CHR probed past administrations

The CHR was not silent on potential cases of government abuse during the Aquino administration.
 
In 2016, the commission recommended charges against local government officials, law enforcement personnel, inquest prosecutors and protest organizers in the violent dispersal of farmers in Kidapawan in Cotobato province in April of that year.
 
"Whatever violence may have come from the side of the protesters, there is no justifying the use by the Philippine National Police of firearms. It is clear that the PNP fired the first shot in a situation where they were not even supposed to bring guns," the CHR said in a 46-page resolution.
 
"The principles of peaceful dispersal, negotiations and maximum tolerance prescribed under the PNP Operations Manual were not observed," it added. 
 
In 2015, Chito Gascon, the CHR chairman, urged law enforcement agencies to pursue the killers of Emerito Samarca, executive director of Alternative Learning Center for Agriculture and Livelihood Development (Alcadev) and community leaders Dionel Campos and Aurelio Sinzo.
 
The Lumad leaders were killed in Lianga, Surigao del Sur by a group that activists linked to the Army’s 36th Infantry Battalion.
 
"We call for the disbandment of the Bagani to ensure the safety of the people," Gascon said then, referring to the paramilitary unit believed to be behind the killings.
 
In 2014, the CHR also investigated a so-called "wheel of torture" that Laguna police allegedly used to torture crime suspects in a police facility in Biñan, Laguna.

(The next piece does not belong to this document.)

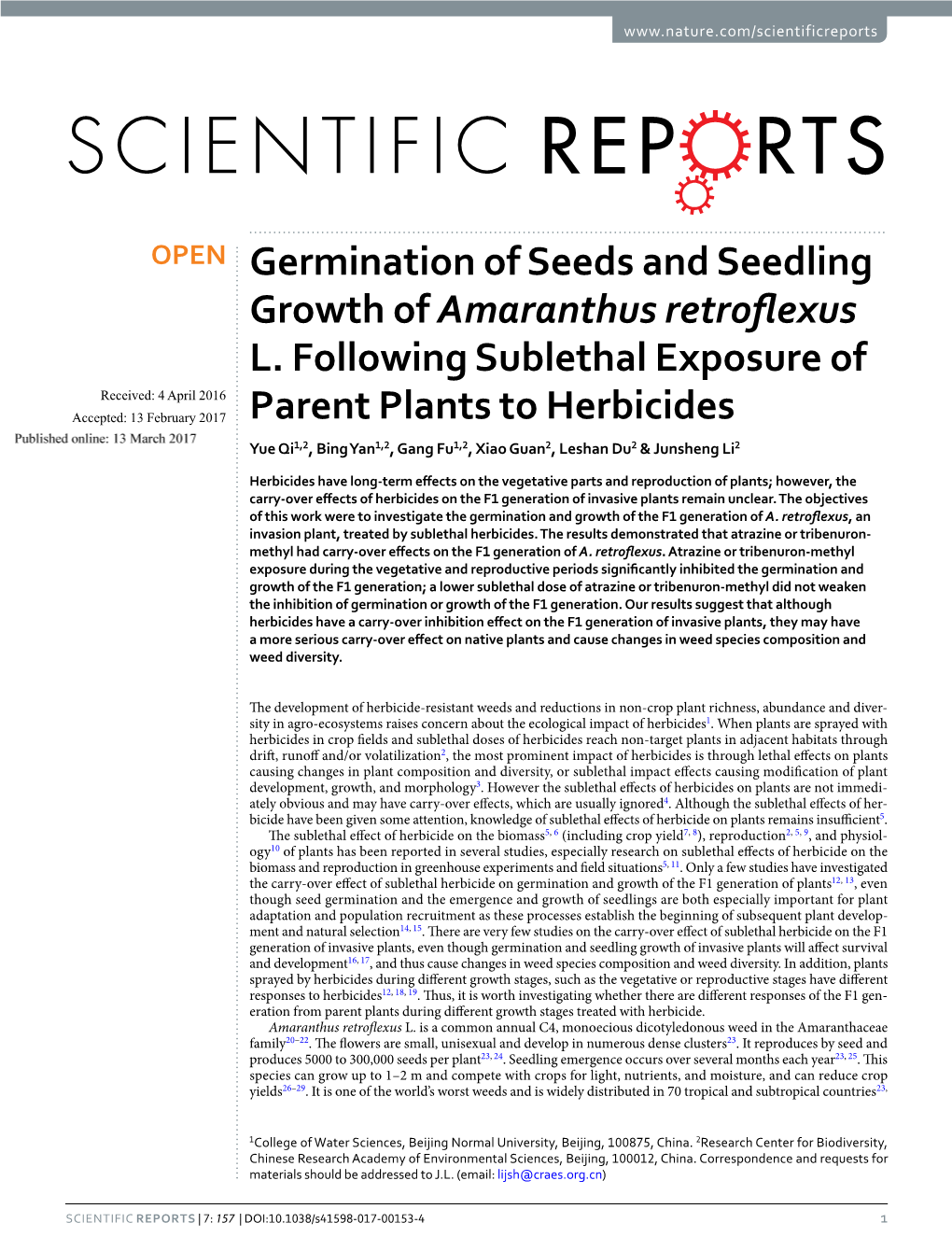 Germination of Seeds and Seedling Growth of Amaranthus Retroflexus L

CHR has no power to prosecute

"I’m afraid that unless you (CHR) actually take steps to end impunity as far as the previous administration is concerned, it is not just the president who will perceive CHR as becoming a very political entity being used against this current administration, but the common people as well," Rep. Roque said on Monday.
 
In 2015, when not yet a member of Congress, Roque noted in his blog that "the CHR can only investigate but has no power to prosecute."
 
He added: "It is this lack of prosecutorial powers that leads to the perception that the CHR has not lived up to the public's expectations. In fact, while the Commission’s mandate to investigate is provided in the Constitution itself, its findings are not binding on the prosecutor whose functions are only spelled out in the Administrative Code."
 
Roque also said that prosecutors can, in fact, ignore recommendations made by the CHR.
 
"Current practice is to treat complaints filed by the CHR only as complaints similar to those filed by police agencies or the victims directly. Prosecutors do not even accord the Constitutional Commission any presumption of regularity in their findings that there is a violation of human rights in a given case," he said.
 
Roque, described in the House press statement as a human rights lawyer, said then that: "Instead, we can only measure how many investigations it has conducted from the complaints that it had received from the public."
 
Gascon said during the budget hearing Monday that the commission investigated 941 cases of alleged extrajudicial killings under the Arroyo administration, 686 under the Aquino administration, and 561 under Duterte.